Though it's impossible to ignore the ambivalence, the inner conflict, the author felt about her life as a career woman and her life as a family woman (an ambivalence that often showed up in her darker novels, like Castle and Haunting of Hill House, about women feeling trapped and isolated), her love for her children and her love of motherhood is undeniable, "a life for which Shirley was instantly, innately suited."

8. Jackson always tucked her children in at night — but not before singing them a chilling nursery song.

"The first was young Miss Grattan — she tried not to let him in / He stabbed her with a corn knife, that's how his crimes begin..."

Jackson took pride in her children and devoted herself to motherhood as fiercely as she devoted herself to her writing. She was affectionate with her children, unlike her own mother was, and gave the the space and freedom she had craved as a young girl. She kissed them every night before bed, and made sure to tuck them in with a song — but, in true Shirley Jackson style, it wasn't just any old song.

When she tired of the popular Child Ballads of her own childhood, Jackson would sing the kids to sleep to "a gruesome ditty called 'The Grattan Murders' that would eventually appear in The Haunting of Hill House," a song that included stabbing and death.

What, that song wouldn't give you sweet dreams?

9. Jackson kept a scrapbook of mean letters.

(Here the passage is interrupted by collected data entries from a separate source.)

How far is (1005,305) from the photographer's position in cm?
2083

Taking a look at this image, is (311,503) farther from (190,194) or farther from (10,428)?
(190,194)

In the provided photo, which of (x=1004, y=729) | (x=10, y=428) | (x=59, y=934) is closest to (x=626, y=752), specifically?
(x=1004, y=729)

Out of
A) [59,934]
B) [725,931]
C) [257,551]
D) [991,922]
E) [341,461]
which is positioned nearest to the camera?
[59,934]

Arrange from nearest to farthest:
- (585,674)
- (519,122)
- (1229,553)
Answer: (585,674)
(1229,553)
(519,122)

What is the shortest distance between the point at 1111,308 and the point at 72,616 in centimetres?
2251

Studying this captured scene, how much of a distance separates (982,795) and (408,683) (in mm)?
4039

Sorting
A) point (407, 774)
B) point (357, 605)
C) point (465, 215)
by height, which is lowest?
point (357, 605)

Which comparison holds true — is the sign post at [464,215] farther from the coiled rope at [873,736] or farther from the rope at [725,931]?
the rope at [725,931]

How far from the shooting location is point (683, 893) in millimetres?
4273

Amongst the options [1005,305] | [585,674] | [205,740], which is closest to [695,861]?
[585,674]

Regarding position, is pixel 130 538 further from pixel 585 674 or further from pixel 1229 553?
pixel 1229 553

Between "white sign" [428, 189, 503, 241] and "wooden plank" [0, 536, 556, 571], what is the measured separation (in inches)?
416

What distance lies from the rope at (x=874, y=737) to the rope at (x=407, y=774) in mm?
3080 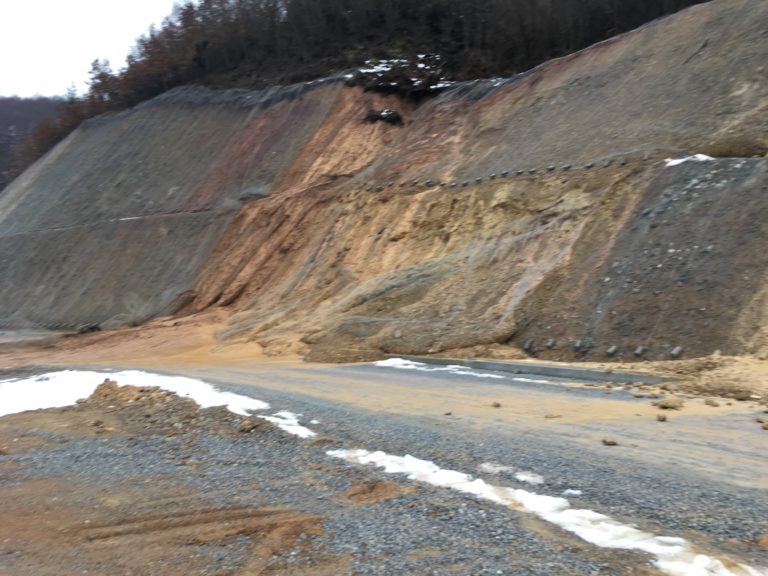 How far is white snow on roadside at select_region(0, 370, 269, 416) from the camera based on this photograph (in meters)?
9.28

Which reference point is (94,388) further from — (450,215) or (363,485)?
(450,215)

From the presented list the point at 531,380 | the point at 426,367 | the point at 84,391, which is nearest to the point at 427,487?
the point at 531,380

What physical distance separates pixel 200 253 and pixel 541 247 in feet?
52.4

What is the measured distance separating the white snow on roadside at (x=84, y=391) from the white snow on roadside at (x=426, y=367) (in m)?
4.08

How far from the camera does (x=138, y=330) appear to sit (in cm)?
2406

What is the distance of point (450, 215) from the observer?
821 inches

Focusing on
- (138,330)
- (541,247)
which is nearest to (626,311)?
(541,247)

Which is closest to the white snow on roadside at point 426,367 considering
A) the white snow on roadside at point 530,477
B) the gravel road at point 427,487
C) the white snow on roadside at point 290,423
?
the gravel road at point 427,487

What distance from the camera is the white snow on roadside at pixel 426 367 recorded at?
1220cm

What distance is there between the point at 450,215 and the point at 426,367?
8.15 meters

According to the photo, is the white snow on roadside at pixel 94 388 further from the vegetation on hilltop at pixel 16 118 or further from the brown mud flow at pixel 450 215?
the vegetation on hilltop at pixel 16 118

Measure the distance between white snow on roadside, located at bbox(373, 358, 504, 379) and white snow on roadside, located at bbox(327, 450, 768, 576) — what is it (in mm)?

When "The Lottery" was published in the New Yorker in 1948, readers' reactions stunned both Jackson and the publication's editors. While it became an almost instant critical success, commercially, feelings were very mixed. Some readers found the story to be fascinating and intriguing, while others — many, many others — were so disturbed and outraged by it, they cancelled their subscription to the magazine. But not before sending hate mail first.

Called "outrageous," "gruesome," and "shocking," The New Yorker and Jackson herself were overwhelmed with letters, almost 100 in the first month following publication, by readers who were angered by the story they found in the pages of their favorite magazine. "In 'Biography of a Story,' Jackson gave the final total as more than 300 letters. Only 13 were kind," Franklin explains in the biography. In her archive today, you can find a leather-bound scrapbook containing over 150 "The Lottery" related letters, mostly unkind.

10. She may have foreseen her own death.

" [...] she was not talking about an ordinary trip. And it was clear she was going alone."

Shirley Jackson died of heart failure in her sleep, while napping the upstairs bedroom of her home in North Bennington, at the age of 48. Though she had struggled with health issues for the latter part of her life, her death was unexpected — at least, to everyone except for Jackson, who may have sensed it coming on.

"And, in the very last days of her life, she sent Carl Brandt a strange, vaguely worded letter," Franklin tells readers. "She was about to leave for a wonderful journey, she said, where she would meet many new people. Though she offered no details, Brandt had the sense she was not talking about an ordinary trip. And it was clear she was going alone."

Did Jackson sense her lurking doom, or was she just excited at the prospects her career held in the coming months? No one can say for sure, but if anyone could predict their own death, it would be the late, the great, Shirley Jackson.